§ **Exercise details**
The entries are to be returned exactly as written.

§ **Records provided**
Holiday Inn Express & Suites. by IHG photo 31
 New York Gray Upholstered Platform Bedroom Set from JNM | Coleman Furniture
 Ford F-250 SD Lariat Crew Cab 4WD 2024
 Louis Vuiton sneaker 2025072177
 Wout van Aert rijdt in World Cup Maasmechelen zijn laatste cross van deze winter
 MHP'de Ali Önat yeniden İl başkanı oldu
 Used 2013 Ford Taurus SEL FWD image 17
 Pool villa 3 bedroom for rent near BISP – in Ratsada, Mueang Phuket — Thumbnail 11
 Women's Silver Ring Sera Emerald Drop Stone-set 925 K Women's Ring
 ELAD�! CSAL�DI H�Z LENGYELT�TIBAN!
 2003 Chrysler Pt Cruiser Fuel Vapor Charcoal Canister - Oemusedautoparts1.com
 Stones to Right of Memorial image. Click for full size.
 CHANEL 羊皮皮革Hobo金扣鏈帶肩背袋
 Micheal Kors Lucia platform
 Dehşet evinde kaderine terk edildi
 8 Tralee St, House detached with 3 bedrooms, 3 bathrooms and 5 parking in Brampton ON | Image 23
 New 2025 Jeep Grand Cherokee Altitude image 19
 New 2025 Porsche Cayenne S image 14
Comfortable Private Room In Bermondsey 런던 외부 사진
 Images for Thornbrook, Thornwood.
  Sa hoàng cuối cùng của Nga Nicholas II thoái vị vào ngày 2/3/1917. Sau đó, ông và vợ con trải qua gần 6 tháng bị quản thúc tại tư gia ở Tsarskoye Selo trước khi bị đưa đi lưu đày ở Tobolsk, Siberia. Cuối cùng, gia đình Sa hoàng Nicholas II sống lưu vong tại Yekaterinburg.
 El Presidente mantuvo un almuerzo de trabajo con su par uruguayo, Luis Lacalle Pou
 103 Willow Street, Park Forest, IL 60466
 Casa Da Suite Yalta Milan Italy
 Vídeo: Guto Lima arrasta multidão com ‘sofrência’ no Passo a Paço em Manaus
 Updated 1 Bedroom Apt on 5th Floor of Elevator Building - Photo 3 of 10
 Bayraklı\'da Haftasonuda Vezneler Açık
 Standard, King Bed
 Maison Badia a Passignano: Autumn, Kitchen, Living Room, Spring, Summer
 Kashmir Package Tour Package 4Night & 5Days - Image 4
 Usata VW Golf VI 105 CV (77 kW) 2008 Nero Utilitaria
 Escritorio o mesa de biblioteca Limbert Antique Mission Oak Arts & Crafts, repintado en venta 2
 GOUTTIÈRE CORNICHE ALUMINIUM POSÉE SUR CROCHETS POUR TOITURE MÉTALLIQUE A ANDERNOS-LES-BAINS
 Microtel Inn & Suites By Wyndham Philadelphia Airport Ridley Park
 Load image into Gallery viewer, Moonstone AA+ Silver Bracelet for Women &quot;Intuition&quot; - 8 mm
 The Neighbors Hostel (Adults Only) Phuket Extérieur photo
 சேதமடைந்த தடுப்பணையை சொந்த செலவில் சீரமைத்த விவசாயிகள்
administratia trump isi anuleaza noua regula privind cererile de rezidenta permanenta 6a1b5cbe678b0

§ **Solution for this task**
Holiday Inn Express & Suites. by IHG photo 31
 New York Gray Upholstered Platform Bedroom Set from JNM | Coleman Furniture
 Ford F-250 SD Lariat Crew Cab 4WD 2024
 Louis Vuiton sneaker 2025072177
 Wout van Aert rijdt in World Cup Maasmechelen zijn laatste cross van deze winter
 MHP'de Ali Önat yeniden İl başkanı oldu
 Used 2013 Ford Taurus SEL FWD image 17
 Pool villa 3 bedroom for rent near BISP – in Ratsada, Mueang Phuket — Thumbnail 11
 Women's Silver Ring Sera Emerald Drop Stone-set 925 K Women's Ring
 ELAD�! CSAL�DI H�Z LENGYELT�TIBAN!
 2003 Chrysler Pt Cruiser Fuel Vapor Charcoal Canister - Oemusedautoparts1.com
 Stones to Right of Memorial image. Click for full size.
 CHANEL 羊皮皮革Hobo金扣鏈帶肩背袋
 Micheal Kors Lucia platform
 Dehşet evinde kaderine terk edildi
 8 Tralee St, House detached with 3 bedrooms, 3 bathrooms and 5 parking in Brampton ON | Image 23
 New 2025 Jeep Grand Cherokee Altitude image 19
 New 2025 Porsche Cayenne S image 14
Comfortable Private Room In Bermondsey 런던 외부 사진
 Images for Thornbrook, Thornwood.
  Sa hoàng cuối cùng của Nga Nicholas II thoái vị vào ngày 2/3/1917. Sau đó, ông và vợ con trải qua gần 6 tháng bị quản thúc tại tư gia ở Tsarskoye Selo trước khi bị đưa đi lưu đày ở Tobolsk, Siberia. Cuối cùng, gia đình Sa hoàng Nicholas II sống lưu vong tại Yekaterinburg.
 El Presidente mantuvo un almuerzo de trabajo con su par uruguayo, Luis Lacalle Pou
 103 Willow Street, Park Forest, IL 60466
 Casa Da Suite Yalta Milan Italy
 Vídeo: Guto Lima arrasta multidão com ‘sofrência’ no Passo a Paço em Manaus
 Updated 1 Bedroom Apt on 5th Floor of Elevator Building - Photo 3 of 10
 Bayraklı\'da Haftasonuda Vezneler Açık
 Standard, King Bed
 Maison Badia a Passignano: Autumn, Kitchen, Living Room, Spring, Summer
 Kashmir Package Tour Package 4Night & 5Days - Image 4
 Usata VW Golf VI 105 CV (77 kW) 2008 Nero Utilitaria
 Escritorio o mesa de biblioteca Limbert Antique Mission Oak Arts & Crafts, repintado en venta 2
 GOUTTIÈRE CORNICHE ALUMINIUM POSÉE SUR CROCHETS POUR TOITURE MÉTALLIQUE A ANDERNOS-LES-BAINS
 Microtel Inn & Suites By Wyndham Philadelphia Airport Ridley Park
 Load image into Gallery viewer, Moonstone AA+ Silver Bracelet for Women &quot;Intuition&quot; - 8 mm
 The Neighbors Hostel (Adults Only) Phuket Extérieur photo
 சேதமடைந்த தடுப்பணையை சொந்த செலவில் சீரமைத்த விவசாயிகள்
administratia trump isi anuleaza noua regula privind cererile de rezidenta permanenta 6a1b5cbe678b0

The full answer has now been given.